Liang Faming, Kim Jinsu, Song Qifan
Professor, Department of Biostatistics, University of Florida, Gainesville, FL 32611.
Enterprise Solution Specialist, Big Data Analysis Consulting Team, LG CNS, Seoul, Republic of Korea.
Technometrics. 2016;58(3):604-318. doi: 10.1080/00401706.2016.1142905. Epub 2016 Jul 8.

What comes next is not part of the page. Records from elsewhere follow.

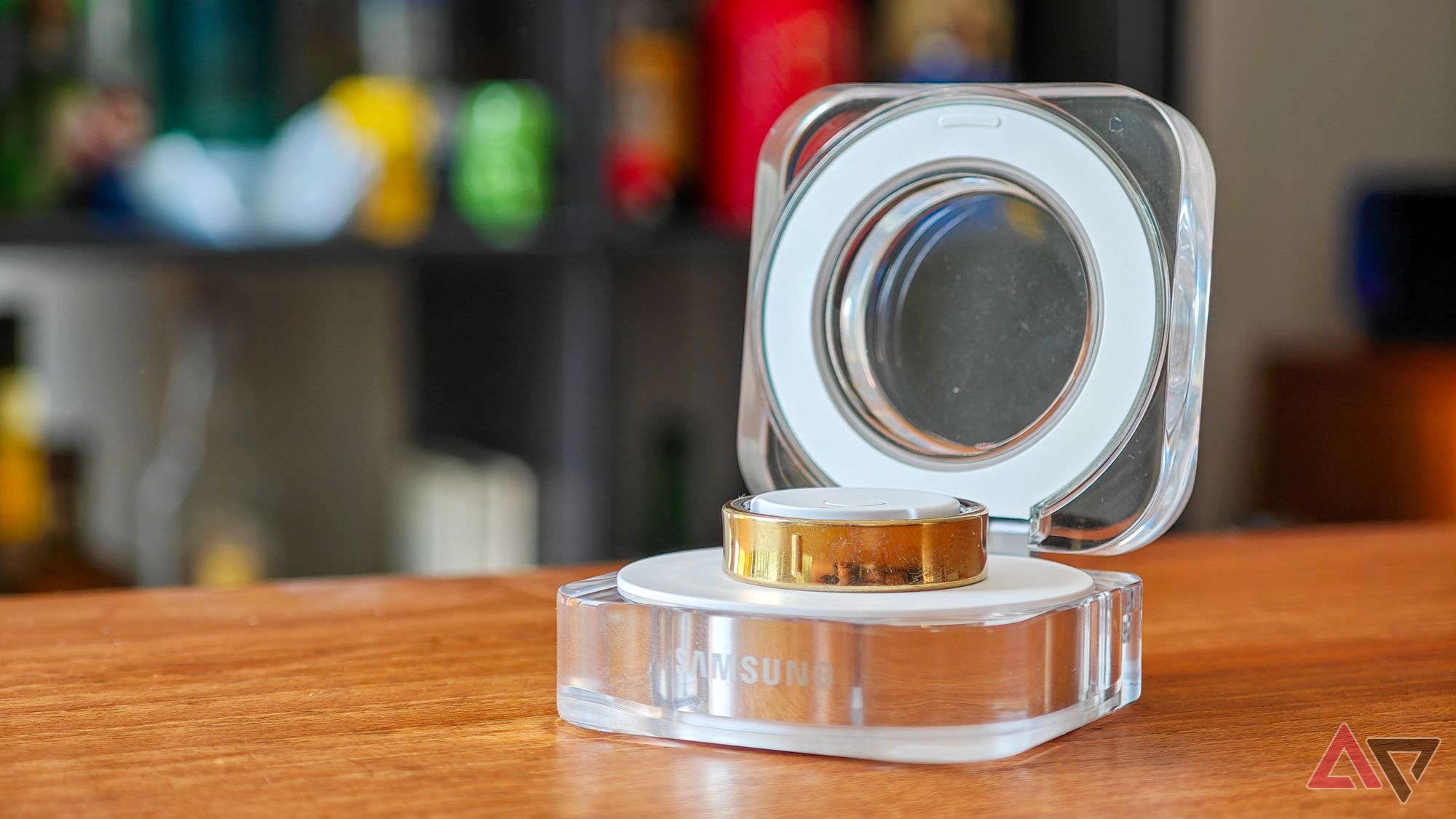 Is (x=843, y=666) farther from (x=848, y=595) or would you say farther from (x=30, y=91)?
(x=30, y=91)

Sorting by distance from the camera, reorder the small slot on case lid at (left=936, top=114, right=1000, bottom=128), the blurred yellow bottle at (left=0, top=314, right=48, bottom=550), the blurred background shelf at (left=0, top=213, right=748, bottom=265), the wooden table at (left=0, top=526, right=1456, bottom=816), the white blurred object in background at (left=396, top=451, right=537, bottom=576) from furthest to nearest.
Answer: the white blurred object in background at (left=396, top=451, right=537, bottom=576) → the blurred yellow bottle at (left=0, top=314, right=48, bottom=550) → the blurred background shelf at (left=0, top=213, right=748, bottom=265) → the small slot on case lid at (left=936, top=114, right=1000, bottom=128) → the wooden table at (left=0, top=526, right=1456, bottom=816)

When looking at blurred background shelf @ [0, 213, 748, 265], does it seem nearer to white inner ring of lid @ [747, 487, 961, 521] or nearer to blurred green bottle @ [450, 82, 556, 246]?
blurred green bottle @ [450, 82, 556, 246]

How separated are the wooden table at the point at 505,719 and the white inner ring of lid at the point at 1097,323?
7 centimetres

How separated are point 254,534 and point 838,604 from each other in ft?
3.83

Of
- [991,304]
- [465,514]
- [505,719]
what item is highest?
[991,304]

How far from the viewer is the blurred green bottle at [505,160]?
1.29 meters

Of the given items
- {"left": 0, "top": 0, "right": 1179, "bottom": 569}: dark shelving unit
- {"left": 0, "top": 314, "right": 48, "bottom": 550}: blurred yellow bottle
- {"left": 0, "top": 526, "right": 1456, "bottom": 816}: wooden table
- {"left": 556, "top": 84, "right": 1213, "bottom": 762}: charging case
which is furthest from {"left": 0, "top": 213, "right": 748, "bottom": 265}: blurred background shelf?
{"left": 556, "top": 84, "right": 1213, "bottom": 762}: charging case

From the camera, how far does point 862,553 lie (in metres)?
0.34

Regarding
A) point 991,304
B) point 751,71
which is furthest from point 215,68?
point 991,304

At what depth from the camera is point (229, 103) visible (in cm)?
131

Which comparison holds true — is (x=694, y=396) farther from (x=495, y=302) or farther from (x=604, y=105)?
(x=604, y=105)

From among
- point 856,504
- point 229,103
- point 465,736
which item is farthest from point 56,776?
point 229,103

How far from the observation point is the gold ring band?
0.34 metres

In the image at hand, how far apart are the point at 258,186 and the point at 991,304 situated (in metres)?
0.96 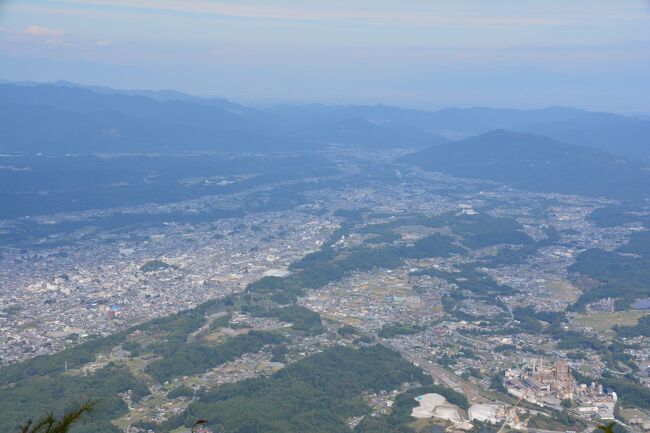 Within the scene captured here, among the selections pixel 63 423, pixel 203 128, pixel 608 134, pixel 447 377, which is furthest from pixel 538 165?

Markov chain Monte Carlo (MCMC) methods have proven to be a very powerful tool for analyzing data of complex structures. However, their computer-intensive nature, which typically require a large number of iterations and a complete scan of the full dataset for each iteration, precludes their use for big data analysis. In this paper, we propose the so-called bootstrap Metropolis-Hastings (BMH) algorithm, which provides a general framework for how to tame powerful MCMC methods to be used for big data analysis; that is to replace the full data log-likelihood by a Monte Carlo average of the log-likelihoods that are calculated in parallel from multiple bootstrap samples. The BMH algorithm possesses an embarrassingly parallel structure and avoids repeated scans of the full dataset in iterations, and is thus feasible for big data problems. Compared to the popular divide-and-combine method, BMH can be generally more efficient as it can asymptotically integrate the whole data information into a single simulation run. The BMH algorithm is very flexible. Like the Metropolis-Hastings algorithm, it can serve as a basic building block for developing advanced MCMC algorithms that are feasible for big data problems. This is illustrated in the paper by the tempering BMH algorithm, which can be viewed as a combination of parallel tempering and the BMH algorithm. BMH can also be used for model selection and optimization by combining with reversible jump MCMC and simulated annealing, respectively.
马尔可夫链蒙特卡罗(MCMC)方法已被证明是分析复杂结构数据的一种非常强大的工具。然而,其计算密集型的特性,通常每次迭代都需要大量的迭代次数和对整个数据集进行完整扫描,这使得它们无法用于大数据分析。在本文中,我们提出了所谓的自助梅特罗波利斯 - 黑斯廷斯(BMH)算法,该算法提供了一个通用框架,用于说明如何驾驭强大的MCMC方法以用于大数据分析;即通过对数似然的蒙特卡罗平均值来代替全数据对数似然,该对数似然是从多个自助样本并行计算得到的。BMH算法具有易于并行化的结构,并且避免了在迭代中对整个数据集进行重复扫描,因此对于大数据问题是可行的。与流行的分而组合方法相比,BMH通常效率更高,因为它可以渐近地将整个数据信息整合到一次模拟运行中。BMH算法非常灵活。与梅特罗波利斯 - 黑斯廷斯算法一样,它可以作为开发适用于大数据问题的高级MCMC算法的基本构建块。本文通过回火BMH算法对此进行了说明,该算法可以看作是并行回火和BMH算法的结合。BMH还可以分别与可逆跳跃MCMC和模拟退火相结合,用于模型选择和优化。